O Evangelho segundo Jesus Cristo


O romance O Evangelho segundo Jesus Cristo (1991) tem um título enganador. O Cristo descrito por José Saramago é original e tem pouco a ver com o que encontramos nos evangelhos canónicos – o que, aliás, suscitou as polémicas furiosas que continuam frescas na memória de toda a gente. Mas o maior engano não é esse. Ainda que a vida de Jesus ocupe a parte de leão do texto, o mais importante do livro não está aí. O momento fulcral da obra de Saramago é aquele em que Deus surge e revela os seus desígnios divinos.

Jesus é um interveniente relativamente secundário. O texto di-lo expressamente, ao descrever a sua biografia como «alguns vulgares episódios da vida pastoril» e ao qualificar o filho de José e Maria como «medíocre em vida». Isto é reforçado pelas considerações sobre o livre arbítrio que proliferam ao longo do livro. O Jesus de Saramago é um ser destituído de verdadeira capacidade de escolha: «Deus é quem traça os caminhos e manda os que por eles hão-de seguir, a ti escolheu-te para que abrisses, em seu serviço, uma estrada entre as estradas.» O verdadeiro protagonista deste Evangelho não é Jesus, mas o próprio Deus.

Deus é, na verdade, um protagonista magnífico.

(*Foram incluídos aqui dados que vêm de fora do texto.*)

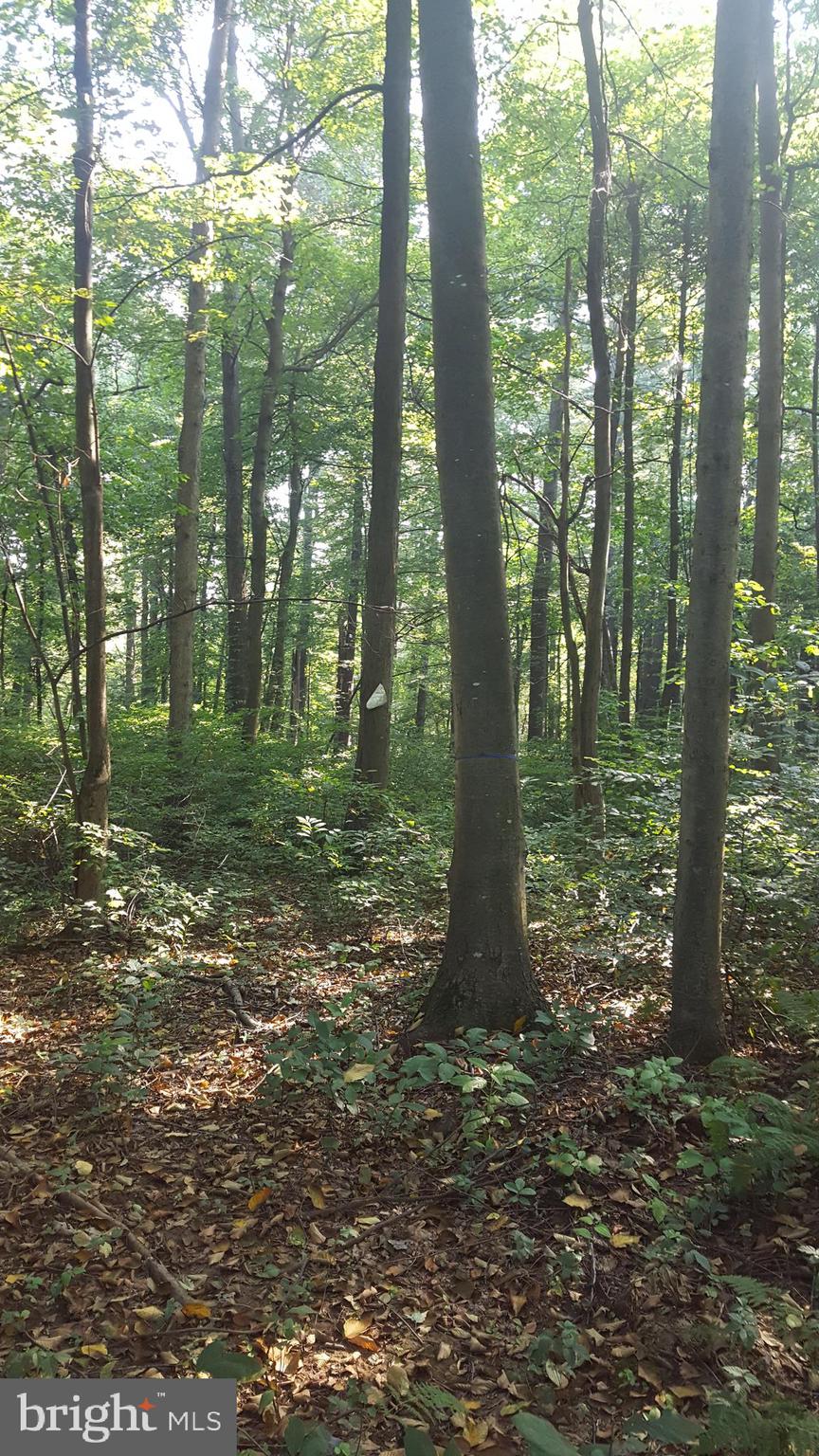 0 King Pen Road Nottingham, PA 19362 - Photo 10 of 12 Beautiful Wooded 4.56 acres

Desde logo, pelo seu carácter misterioso: a Bíblia contém muito pouco que se possa considerar filosofia e o Deus do Antigo Testamento nada esclarece sobre as contradições da vida. A maior perplexidade de todas talvez seja a do sofrimento no mundo. Se Deus é perfeito e criador de todas as coisas, parece inaceitável que o mal exista e que esse mesmo Deus seja imune ao sofrimento de que é causa. Para um ateu declarado como Saramago, é incompreensível que as pessoas se ajoelhem perante uma divindade destas: «O inferno é este planeta onde vivemos, onde sofremos, onde cremos.»

Tudo isto desarma os censores do Evangelho. Não há aqui qualquer «anti-teologia de larga audiência». José Saramago limita-se a transportar para o seu romance algumas das dificuldades fundamentais dos homens na sua relação com Deus. O autor fê-lo na forma e no momento certos. Não só porque a literatura é o espaço adequado para abordar os grandes temas teológicos e filosóficos junto do homem comum, mas também porque o seu ateísmo lhe dá uma legitimidade acrescida para escrever sobre a religião. Tal como os melhores cronistas de um país são os estrangeiros, também o distanciamento de Saramago lhe confere mais objectividade e lucidez.